WINSTON: I can't say I'm totally happy with it but I'm not unhappy with it. I didn’t want to be part of a government whose economic policy and social policy we could not support. That’s how bad it was back in 2005 but I saw reasons to change the future for elderly people, to change this country's economic image and resources for our team of diplomats abroad, reason to change the racing industry which has been dramatically turned around, and I was lucky to do all those things.

GUYON: Okay in terms of your stance on coalitions I mean you’ve been criticised in the past but when I look back you’ve been relatively consistent, in 1996 …

WINSTON: Thank you very much for saying so.

GUYON: And again – it's a rare compliment – and in 2005 …

WINSTON: It shouldn’t be so rare because it's true.

GUYON: In 2005 it was the same in that you went with the largest party and formed a government which had the fewest number of parties within it, now is that your stance going into this election again?

WINSTON: Well I think that the more parties you have the more problems you're going to have and the real difficulty in New Zealand politics today is that not enough people have learnt that as much as this glamorous romantic talk about doing your own thing and going your own way, the people of this country want a government, they might criticise the government all the time but what distinguishes New Zealand as a first world country is that it has a stability about it, even in this present circumstance and fewer parties makes that easier to happen.
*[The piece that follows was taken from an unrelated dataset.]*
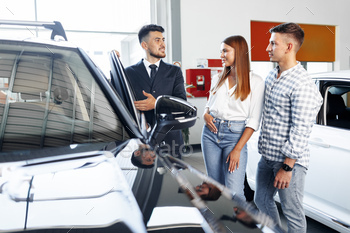 Young couple choosing a car at the dealership with manager helping / Photodune, Misc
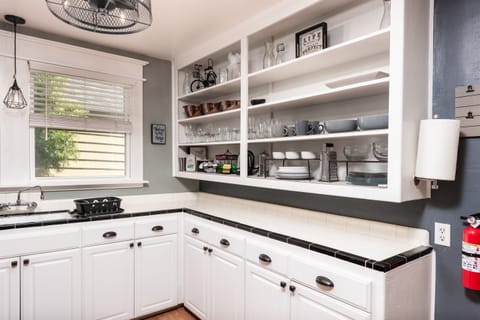 The kitchen is equipped with plenty of dishes and cookware, as well as a traditional drip coffee maker and Keurig.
GUYON: I want to get this very clear because there are people, journalists, members of the public, who listen to you in parliament, they listen to you criticise the National Party and think oh he couldn’t work with them, but I just want to get it very clear that your position is based not on personalities but that you again on what you call the constitutional convention with the largest party has the first right to form a government.

WINSTON: Oh look when I hear some of the National Party getting up and going on about energy pricing I just about can't believe my ears. I saw what Max Bradford did, when I get to hear them say, talk about some issue to do with for example New Zealand Railways…

GUYON: I'm not interested in litigation… I'm asking you….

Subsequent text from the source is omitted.